Invasion of the Aspect Ratios

This week’s feature, Invasion of the Body Snatchers, has long been regarded as a political hot potato. Like High Noon, it’s either a preachment for vigilance in the face of a Communistic menace or a cautionary allegory of a conformist overreaction to that selfsame menace. But for a certain kind of cinephile, the aspect ratio of Invasion of the Body Snatchers is just as contested as its ideological underpinnings. Moviegoers shouldn’t be passive pods for received wisdom, so we thought it would be edifying to discuss the context of theatrical exhibitions in the 1950s and beyond. – Eds. 

The shape and configuration of theatrical film has been basically unchanged since the earliest days of the twentieth century—35mm in width, four uniform perforations per frame. The relative apportionment of image and sound within that frame has changed tremendously, however, and projectionists have long been expected to extract images of all shapes and sizes from the same old film strip. Through a combination of specialized lenses, lens attachments, aperture plates, and screen masking, they present a range of rectangular images known in industry parlance as aspect ratios.

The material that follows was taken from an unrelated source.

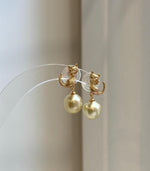 Elegant 2.3cm cat earrings featuring genuine South Sea gold pearls and S925 sterling silver settings.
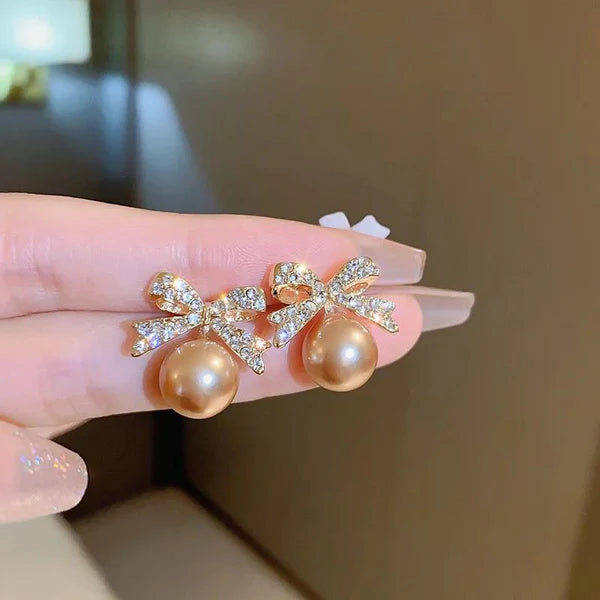 Gold Shiny Bow-Tie Pearl Earrings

These shapes are expressed in numeric terms, as a ratio of image width to image height. The common aspect ratio 1.37:1, for example, means that the image on screen is 1.37 times wider than it is high. Counterintuitively, many of the wider aspect ratios like 1.85:1 achieve this apparent horizontal superiority simply by artificially constricting the height of the frame; since we’re talking in ratios rather than absolutes, cropping the top and bottom from the frame does yield a wider image, albeit with some loss of clarity when blown up on an enormous theater screen. The ultra-wide Cinemascope—2.39:1—uses a two-piece lens to anamorphically stretch a heavily compressed image on a conventional film strip.